• DIRECTIONS: Would you copy the line that includes "Ferrari Daytona SP3" and every line that follows it, down to the last line of the listing below, exactly as they stand?

• DATA UNDER STUDY:
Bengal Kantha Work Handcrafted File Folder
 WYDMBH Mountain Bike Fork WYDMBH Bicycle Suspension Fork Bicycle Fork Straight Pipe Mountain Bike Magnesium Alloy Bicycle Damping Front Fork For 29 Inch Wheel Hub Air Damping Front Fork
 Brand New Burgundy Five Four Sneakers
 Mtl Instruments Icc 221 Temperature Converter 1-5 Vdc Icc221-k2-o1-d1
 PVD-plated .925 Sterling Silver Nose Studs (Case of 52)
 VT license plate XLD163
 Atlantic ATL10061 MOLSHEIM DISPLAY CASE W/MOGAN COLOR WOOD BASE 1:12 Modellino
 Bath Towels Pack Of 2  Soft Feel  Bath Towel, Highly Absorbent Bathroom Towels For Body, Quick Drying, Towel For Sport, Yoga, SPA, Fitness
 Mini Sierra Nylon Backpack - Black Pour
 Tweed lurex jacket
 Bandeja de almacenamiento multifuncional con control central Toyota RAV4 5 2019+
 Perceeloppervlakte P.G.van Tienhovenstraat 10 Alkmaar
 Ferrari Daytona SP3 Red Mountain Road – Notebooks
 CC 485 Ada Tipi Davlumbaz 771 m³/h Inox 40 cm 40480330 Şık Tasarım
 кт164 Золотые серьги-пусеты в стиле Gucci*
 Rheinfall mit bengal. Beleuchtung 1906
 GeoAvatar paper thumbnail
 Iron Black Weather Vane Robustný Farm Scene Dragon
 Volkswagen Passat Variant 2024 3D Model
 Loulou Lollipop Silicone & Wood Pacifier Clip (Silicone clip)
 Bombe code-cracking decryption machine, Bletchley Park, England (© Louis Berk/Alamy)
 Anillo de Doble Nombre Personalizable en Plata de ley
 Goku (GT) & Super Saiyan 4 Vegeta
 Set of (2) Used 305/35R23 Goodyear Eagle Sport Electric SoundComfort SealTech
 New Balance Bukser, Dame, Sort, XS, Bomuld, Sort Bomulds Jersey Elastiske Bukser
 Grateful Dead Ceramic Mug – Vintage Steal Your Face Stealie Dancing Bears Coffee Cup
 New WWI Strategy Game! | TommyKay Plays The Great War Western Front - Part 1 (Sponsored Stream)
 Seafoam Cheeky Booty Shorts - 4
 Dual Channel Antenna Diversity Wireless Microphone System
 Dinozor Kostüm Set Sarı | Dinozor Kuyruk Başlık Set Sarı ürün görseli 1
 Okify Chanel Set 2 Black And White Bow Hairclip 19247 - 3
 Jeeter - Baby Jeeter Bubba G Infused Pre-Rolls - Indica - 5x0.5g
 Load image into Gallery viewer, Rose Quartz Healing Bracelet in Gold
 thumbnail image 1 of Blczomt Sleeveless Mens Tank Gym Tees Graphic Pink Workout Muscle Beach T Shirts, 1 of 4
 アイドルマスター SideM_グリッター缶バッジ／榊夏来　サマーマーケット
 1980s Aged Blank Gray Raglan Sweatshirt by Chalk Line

• WORKED SOLUTION:
 Ferrari Daytona SP3 Red Mountain Road – Notebooks
 CC 485 Ada Tipi Davlumbaz 771 m³/h Inox 40 cm 40480330 Şık Tasarım
 кт164 Золотые серьги-пусеты в стиле Gucci*
 Rheinfall mit bengal. Beleuchtung 1906
 GeoAvatar paper thumbnail
 Iron Black Weather Vane Robustný Farm Scene Dragon
 Volkswagen Passat Variant 2024 3D Model
 Loulou Lollipop Silicone & Wood Pacifier Clip (Silicone clip)
 Bombe code-cracking decryption machine, Bletchley Park, England (© Louis Berk/Alamy)
 Anillo de Doble Nombre Personalizable en Plata de ley
 Goku (GT) & Super Saiyan 4 Vegeta
 Set of (2) Used 305/35R23 Goodyear Eagle Sport Electric SoundComfort SealTech
 New Balance Bukser, Dame, Sort, XS, Bomuld, Sort Bomulds Jersey Elastiske Bukser
 Grateful Dead Ceramic Mug – Vintage Steal Your Face Stealie Dancing Bears Coffee Cup
 New WWI Strategy Game! | TommyKay Plays The Great War Western Front - Part 1 (Sponsored Stream)
 Seafoam Cheeky Booty Shorts - 4
 Dual Channel Antenna Diversity Wireless Microphone System
 Dinozor Kostüm Set Sarı | Dinozor Kuyruk Başlık Set Sarı ürün görseli 1
 Okify Chanel Set 2 Black And White Bow Hairclip 19247 - 3
 Jeeter - Baby Jeeter Bubba G Infused Pre-Rolls - Indica - 5x0.5g
 Load image into Gallery viewer, Rose Quartz Healing Bracelet in Gold
 thumbnail image 1 of Blczomt Sleeveless Mens Tank Gym Tees Graphic Pink Workout Muscle Beach T Shirts, 1 of 4
 アイドルマスター SideM_グリッター缶バッジ／榊夏来　サマーマーケット
 1980s Aged Blank Gray Raglan Sweatshirt by Chalk Line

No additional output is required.